There are abundant cases for using Topological Data Analysis (TDA) in a learning context, but robust topological information commonly comes in the form of a set of persistence diagrams, objects that by nature are uneasy to affix to a generic machine learning framework. In [56], we introduce a vectorisation method for diagrams that allows to collect information from topological descriptors into a format fit for machine learning tools. Based on a few observations, the method is learned and tailored to discriminate the various important plane regions a diagram is set into. With this tool one can automatically augment any sort of machine learning problem with access to a TDA method, enhance performances, construct features reflecting underlying changes in topological behaviour.

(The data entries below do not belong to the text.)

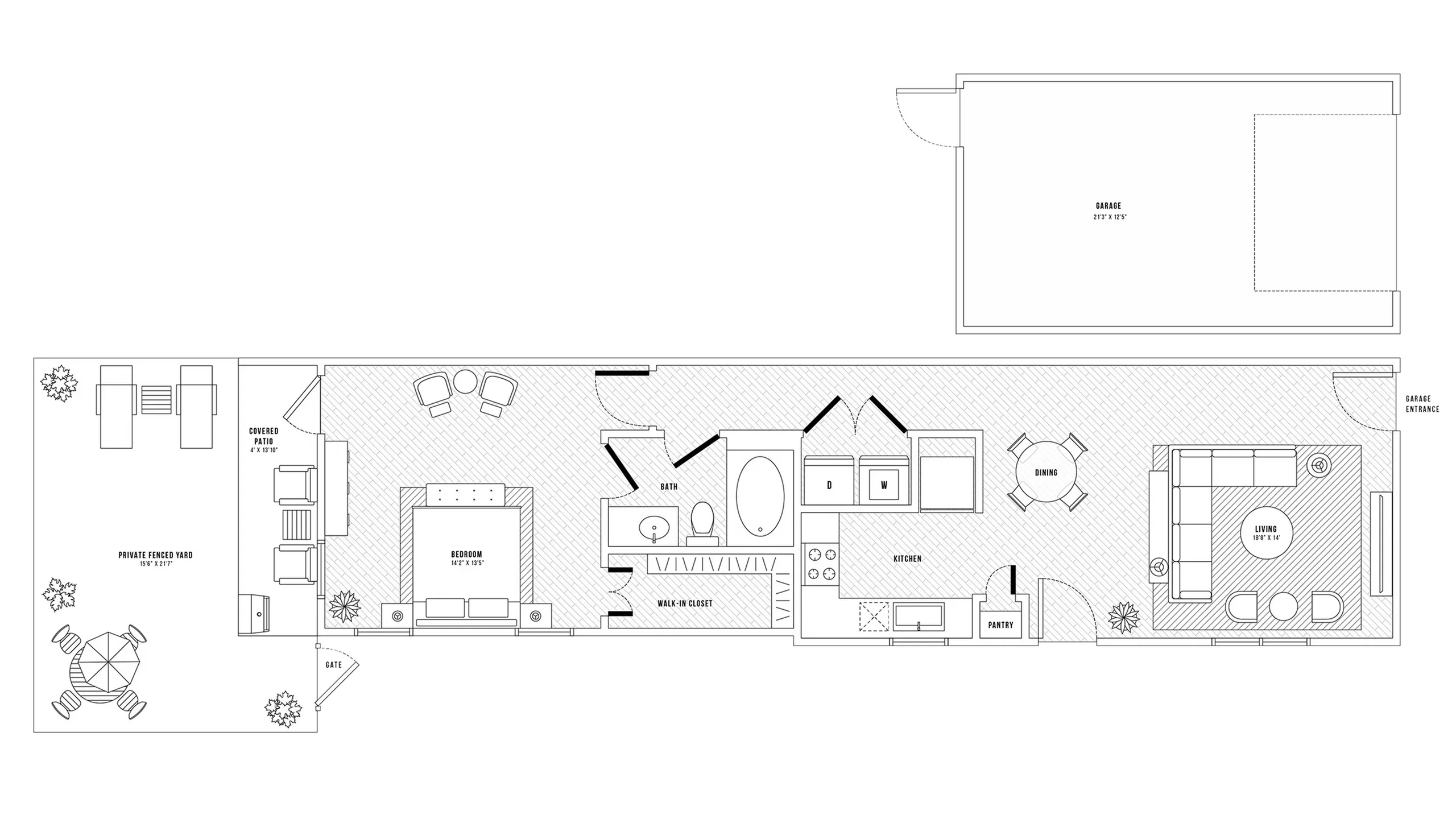 LANTANA A5 1 bed -1 bath | 1-car garage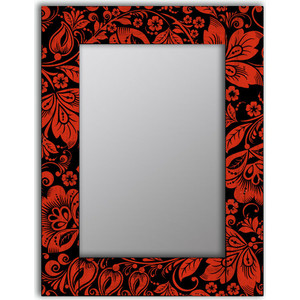 фото Настенное зеркало дом корлеоне красные цветы 55x55 см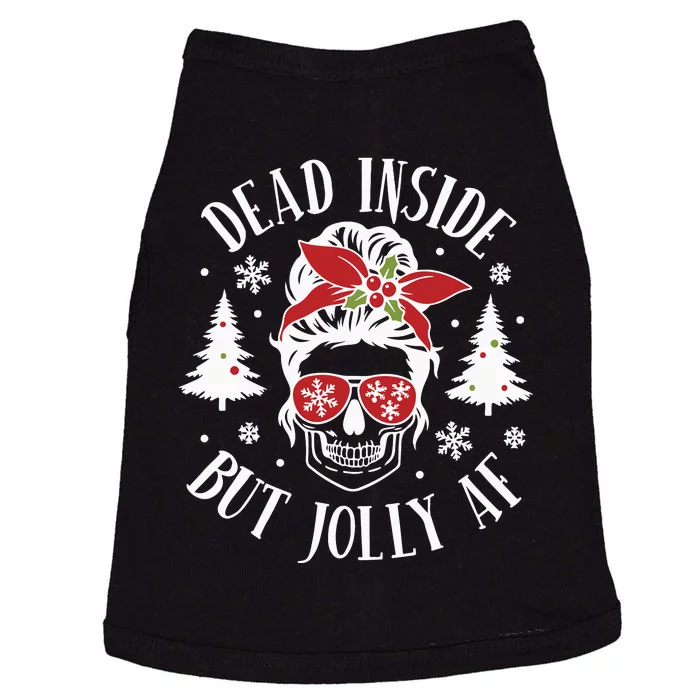 Dead Inside But Jolly Af Skeleton Funny Christmas Doggie Tank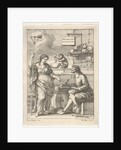 A monkey working a mortar and pestle, below Lorenzo Lippi writing his humorous …, ca. 1710-64 by Francesco Zuccarelli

The proposed methodology comes with only high level tuning parameters such as the encoding budget for topological features. We provide an open-access, ready-to-use implementation and notebook. We showcase the strengths and versatility of our approach on a number of applications. From emulous and modern graph collections to a highly topological synthetic dynamical orbits data, we prove that the method matches or beats the state-of-the-art in encoding persistence diagrams to solve hard problems. We then apply our method in the context of an industrial, difficult time-series regression problem and show the approach to be relevant.

Inverse Problems in Topological Persistence: a Survey

Participant : Steve Oudot.

In collaboration with Elchanan Solomon (Duke).

In [27] we review the literature on inverse problems in topological persistence theory.The first half of the survey is concerned with the question of surjectivity, i.e. the existence of rightinverses, and the second half focuses on injectivity, i.e. left inverses. Throughout, we highlightthe tools and theorems that underlie these advances, and direct the reader’s attention to openproblems, both theoretical and applied.

Intrinsic Topological Transforms via the Distance Kernel Embedding

Participants : Clément Maria, Steve Oudot.

In collaboration with Elchanan Solomon (Duke).

Topological transforms are parametrized families of topological invariants, which, by analogy with transforms in signal processing, are much more discriminative than single measurements. The first two topological transforms to be defined were the Persistent Homology Transform and Euler Characteristic Transform, both of which apply to shapes embedded in Euclidean space. The contribution of this work [54] is to define topological transforms that depend only on the intrinsic geometry of a shape, and hence are invariant to the choice of embedding. To that end, given an abstract metric measure space, we define an integral operator whose eigenfunctions are used to compute sublevel set persistent homology. We demonstrate that this operator, which we call the distance kernel operator, enjoys desirable stability properties, and that its spectrum and eigenfunctions concisely encode the large-scale geometry of our metric measure space. We then define a number of topological transforms using the eigenfunctions of this operator, and observe that these transforms inherit many of the stability and injectivity properties of the distance kernel operator.

A Framework for Differential Calculus on Persistence Barcodes

Participant : Steve Oudot.

In collaboration with Jacob Leygonie and Ulrike Tillmann (Oxford).

In [52], we define notions of differentiability for maps from and to the space of persistence barcodes. Inspired by the theory of diffeological spaces, the proposed framework uses lifts to the space of ordered barcodes, from which derivatives can be computed. The two derived notions of differentiability (respectively from and to the space of barcodes) combine together naturally to produce a chain rule that enables the use of gradient descent for objective functions factoring through the space of barcodes. We illustrate the versatility of this framework by showing how it can be used to analyze the smoothness of various parametrized families of filtrations arising in topological data analysis.